The Speaker of Parliament, Rebecca Kadaga, has called on the community and district leadership in Lamwo to ensure good sanitary hygiene and provide changing rooms for school girls so as to promote girls education.
She said Parliamentarians heeded the public outcry over lack of affordable sanitary pads, which were affecting girls’ education, and pushed for scrapping of taxes on pads.
“The Government scrapped taxes on the pads starting with the current financial year 2017/2018 and this was aimed at enabling girls and women afford the product for the good of their health,” Kadaga said.
“This was a tax to be paid by only women; it was therefore also a discriminatory tax,” she added.
Kadaga was speaking at a corporate social responsibility event on Monday, 12th February 2018 at Pangira Primary School in Lamwo district. The event was organized by the Parliament of Uganda to distribute reusable pads to school girls.
Last year, over 10,000 pads were raised through cash contributions from MPs and staff to the cause. The pads, which cost Shs 6,500 on the open market, can be used up to 12 months.
Kadaga noted that despite efforts to ensure affordability of such necessities for women, they were still out of reach for them especially pupils in rural schools.
The Speaker also noted the poor completion rates and performance of girls in the district, where out 19 candidates in the 2017 PLE exams, only one was a girl.
Lamwo district woman MP Hon. Molly Lanyero encouraged the girls who attended the event that they needed not be stigmatized by menstruation, saying that it was a normal biological process.

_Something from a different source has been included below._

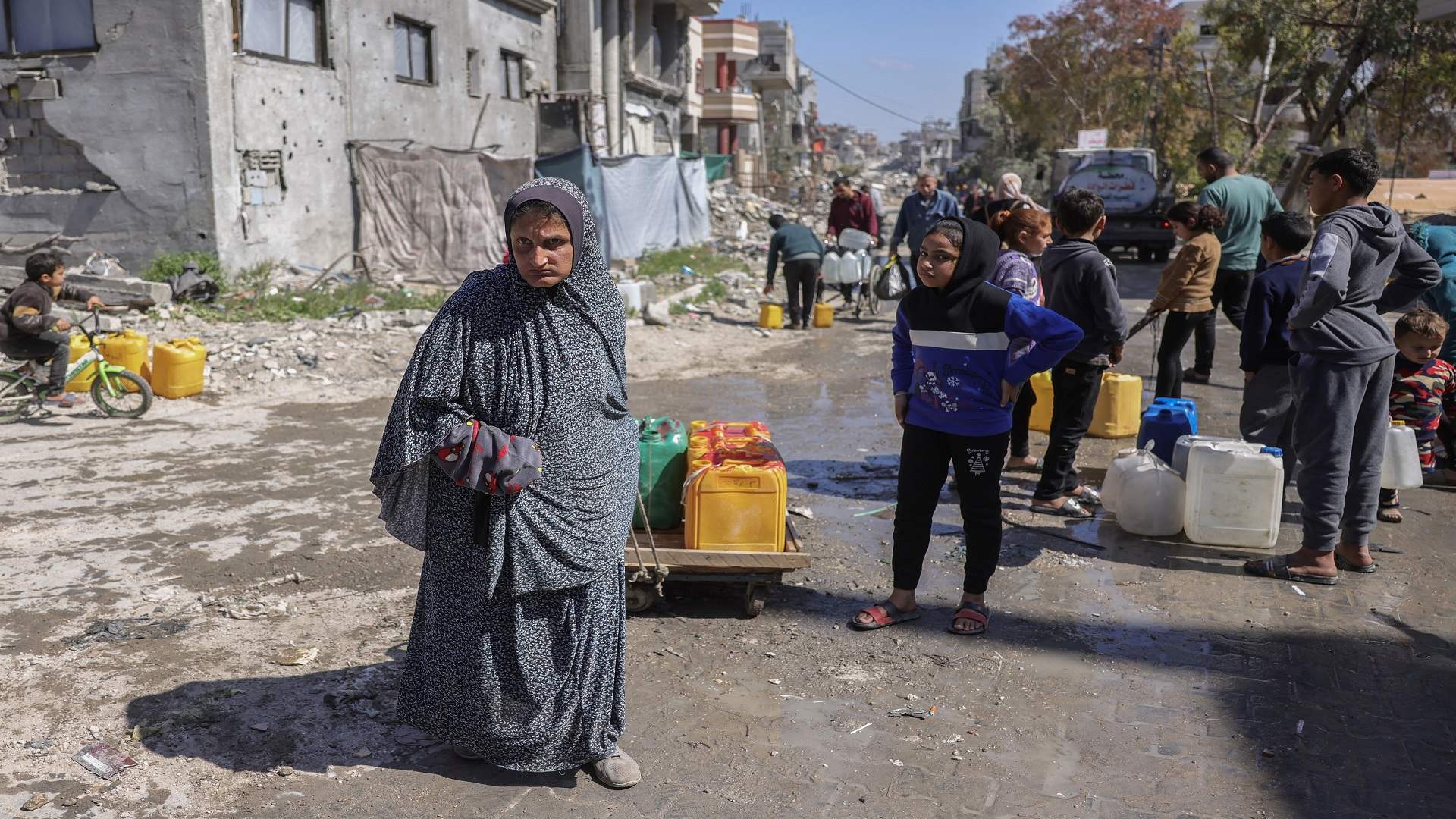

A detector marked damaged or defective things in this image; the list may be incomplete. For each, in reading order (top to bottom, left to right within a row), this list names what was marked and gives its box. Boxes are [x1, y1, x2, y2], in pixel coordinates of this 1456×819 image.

damaged building [0, 1, 558, 279]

Hon. Ayaka Rose (NRM, Maracha) and Hon. Evelyn Chemutai (NRM, Bukwo), while speaking at the event, called on men and boys to support girls to remain in school and also shun early marriages.
The district chairperson John Komakech, in his remarks, called on Government to take over some of the 30 community schools in the area to improve the education levels.
“We request Government to allocate about Shs100 million annually to improve the education sector in Acholi sub-region,” said Mr. Komakech. He said they have eight parishes without a primary school and six sub counties without secondary schools.
He also raised concern about illegal activities in the district including the destruction of shear nut trees, to which the Speaker said the culprits had to be apprehended.
The District Education Officer Lamwo, Barnabas Langoyo, lauded Parliament for its goodwill noting that the programme will go a long way in promoting girls education.
The CSR campaign is one of Parliament’s programmes to promote girls’ education through sensitization of communities to support girls by provision of sanitary pads.